Il limite è soltanto uno: il cielo. Ci voleva questa mentalità per rilassare la squadra, serviva questo approccio per capire che in fondo, no, non è tutto da buttare. Lo racconta prima di tutto il contesto. La Juventus non è reduce da un buon inizio di stagione: innegabile, altrimenti Igor Tudor non avrebbe fatto le valigie. Ma in Italia non sta correndo nessuno. Tutti sistematicamente inciampano, per motivi diversi. Alla Continassa, prima dell’arrivo di Luciano Spalletti, nessuno si era mai degnato di guardare la classifica. Non dopo la serie di pareggi e nemmeno dopo i tonfi di Como e Roma. Nessuno si era accorto che per parlare di volata scudetto fosse prestissimo: non c’è una sola squadra in grado di scandire i tempi del campionato.
Juve, c'era una convinzione sbagliata
Juve compresa, ovviamente. Nei giocatori si era sparsa la convinzione che la stagione fosse ormai compromessa. C’era chi iniziava a stilare tabelle per il quarto posto, con la calcolatrice in mano. Ecco, quella calcolatrice è metaforicamente volata all’esterno della Continassa. Già da giovedì. Nei primi dialoghi, Spalletti ha tranquillizzato tutti. Parlando più o meno così: "Stiamo calmi, abbiamo persino tempo per rientrare nel giro scudetto". Una parola che nessuno ha mai avuto in mente, nemmeno dopo la vittoria contro l’Inter, che a livello di entusiasmo poteva restituire alla Juve una forza motrice notevole. Invece, i nodi sono venuti al pettine proprio dopo il derby d’Italia. Spalletti non ha parlato molto alla squadra, nemmeno a Cremona. Poche parole, concetti chiari. Frasi con un significato che vanno in una sola direzione: "Dobbiamo solo pensare a vincere le partite".

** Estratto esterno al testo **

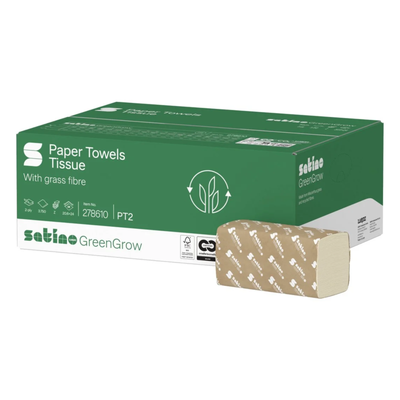Serviette Sation blacksatino greengrow 2 couches (3750 pièces)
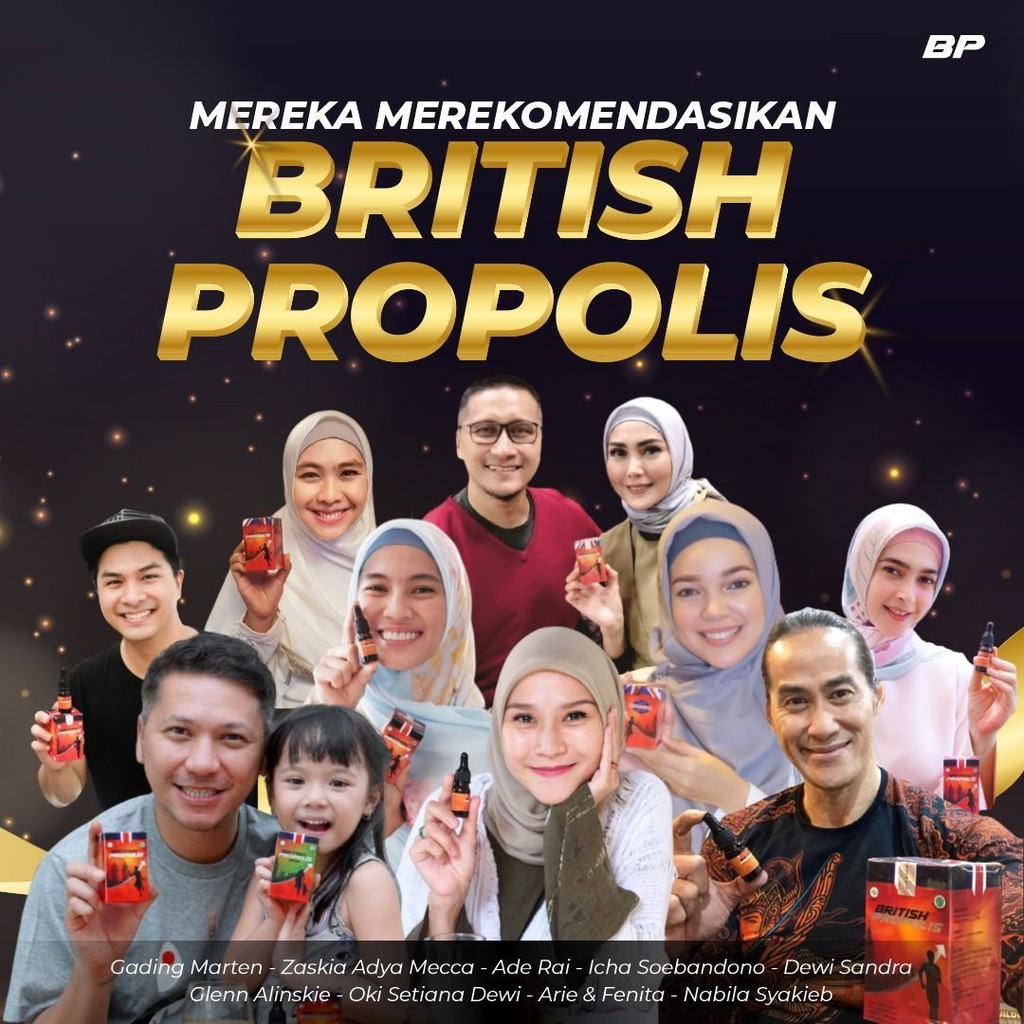 British Propolis Premium Untuk Pemulihan, Stamina dan Imunitas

Spalletti e la bussola Juve
Così, come in un processo scandito da madre natura, il gruppo ha ritrovato la bussola. Ha rivisto la luce, ha capito improvvisamente che l’annata sia ancora lunghissima. Lunga a tal punto da non poter escludere niente. Uno dei motivi che ha spinto Spalletti ad accettare la missione è anche questo: non vede nelle avversarie della Juve nessuna che possa fare il vuoto. Ne ha parlato ai giocatori, ma senza sermoni infiniti. Non si è neppure soffermato sul perché credere nel tricolore. In fondo, basta davvero osservare la classifica e l’andamento a singhiozzi delle altre. In più, ripensando al calendario, i bianconeri hanno già affrontato diverse big: Inter, Milan, Lazio, Atalanta, oltre ad un Como da considerare nel lotto di chi può affacciarsi all’Europa. In pochi piccoli gesti, ha ridato ai giocatori il senso di una realtà meno nera. Meno cupa di come tutti, dentro lo spogliatoio, iniziavano a prefigurarsi.